Unicode control characters could be used, but they sometimes cause problems due to the fact that they are invisible, and the recommended new isolating control characters are not yet supported by browsers, so something like an optional tag may be preferable. (This also has the added advantage that it can help avoid problems during the transition period and for older browsers when support for the newly introduced isolating control characters is not yet enabled. Styles can be associated with tags already to produce isolation rather than embeddings in the major browsers, and other browsers can support embedding as a fallback.)
Comment 1 Silvia Pfeiffer 2013-12-19 07:09:53 UTC
Richard, thanks for doing a i18n review of the WebVTT spec.

Let me first state the obvious: we don't have to worry about old browsers with WebVTT, because only new browsers support it. Also, we don't actually want to repeat the full set of HTML bidi markup in WebVTT, but only do as little as absolutely necessary given that we always have a UTF-8 document.

Given this background, what directional controls are you missing in VTT?

I was under the impression that Unicode covered all features that bidi text requires, seeing as it is used for much more than just HTML. If people are capable of creating fully functional bidi documents with using only Unicode, I don't think we need to replicate any Unicode functionality with duplicated markup.

As for what happens when WebVTT is mapped into HTML for rendering, that may be a different problem, in particular if some of the Unicode functionality is not yet fully supported by modern browsers.

In short, can you please help me understand the issues that you're seeing better?
Comment 2 Martin Dürst 2013-12-23 07:16:01 UTC
(In reply to Silvia Pfeiffer from comment #1)

Hello Silvia,

> Also, we don't actually
> want to repeat the full set of HTML bidi markup in WebVTT, but only do as
> little as absolutely necessary given that we always have a UTF-8 document.
> 
> Given this background, what directional controls are you missing in VTT?
> 
> I was under the impression that Unicode covered all features that bidi text
> requires, seeing as it is used for much more than just HTML. If people are
> capable of creating fully functional bidi documents with using only Unicode,
> I don't think we need to replicate any Unicode functionality with duplicated
> markup.

Let me give you some historical background.

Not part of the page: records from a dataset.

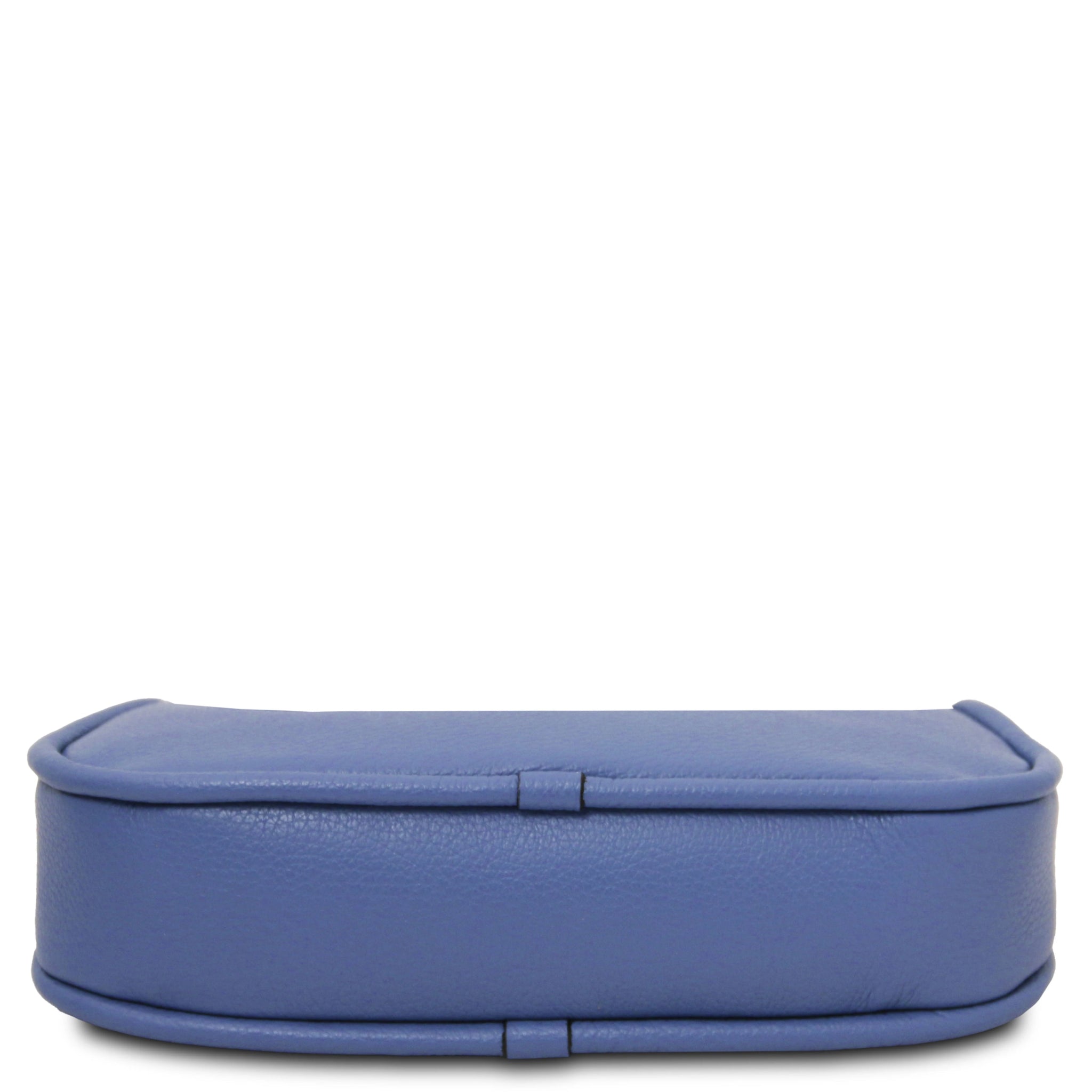 Michelle Italian Pebbled Leather Handbag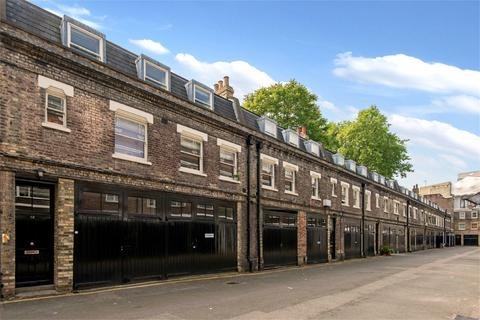 Image of garages on gower mews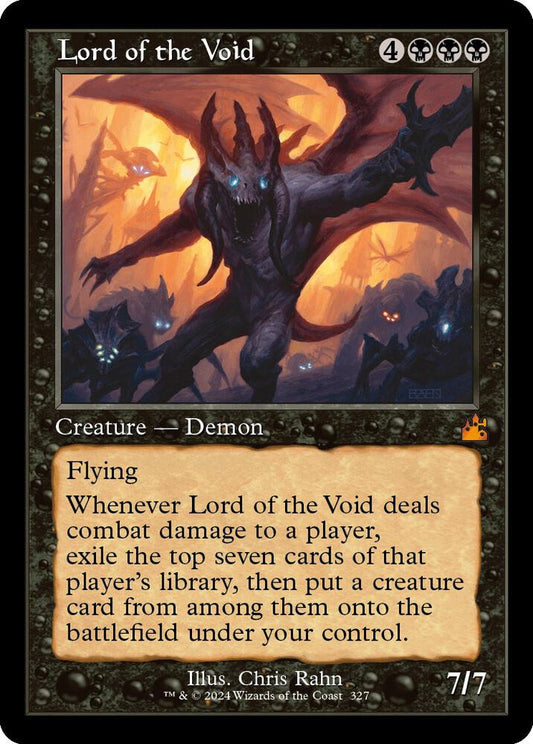 Lord of the Void (Retro Frame) [Ravnica Remastered] 327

The spec that introduced bidi markup in HTML is RFC 2070 ("Internationalization of the Hypertext Markup Language" http://tools.ietf.org/search/rfc2070). As one of its authors, I can tell you with confidence that when we worked on it, questions like the above were exactly what we considered. (Bidi features have been significantly increased in Unicode 6.3, but essentially stayed the same before that since way before 1997.)

What we realized when working on RFC 2070, and what has stood the test of time since then, is that there is a strong correlation between document structure and bidi structure. Using Unicode bidi controls in a markup language obscures this correlation and complicates things. Making bidi controls available in markup (i.e. HTML and WebVTT) exposes and strengthens this relationship.

As simple examples, bidi embeddings (and the newer isolates) usually correlate with changes in language, quotations, changes in emphasis or other style changes, and so on.

So indeed Unicode bidi control characters and HTML bidi controls cover the same features, but from a markup point of view, the Unicode bidi controls are just there for cases where markup isn't available, and definitely not the solution of choice if markup is available.
Comment 3 Silvia Pfeiffer 2013-12-23 08:36:41 UTC
Richard, thanks for the history. I will have to read up on RFC 2070.

One big difference between HTML and WebVTT is that WebVTT is fundamentally a line-based file format, while HTML is fundamentally a markup-based format. Fir example, in WebVTT newlines are actually meaningful. We only introduce markup into WebVTT when there is no other remedy. In all other situations, UTF8 characters are what counts. WebVTT is more like a txt file than a html file in that respect.

Another big difference is that WebVTT has a very small and limited means of manipulating text - there are no tables, no canvas, not even image tags etc. WebVTT in particular doesn't have an extensive document structure like HTML.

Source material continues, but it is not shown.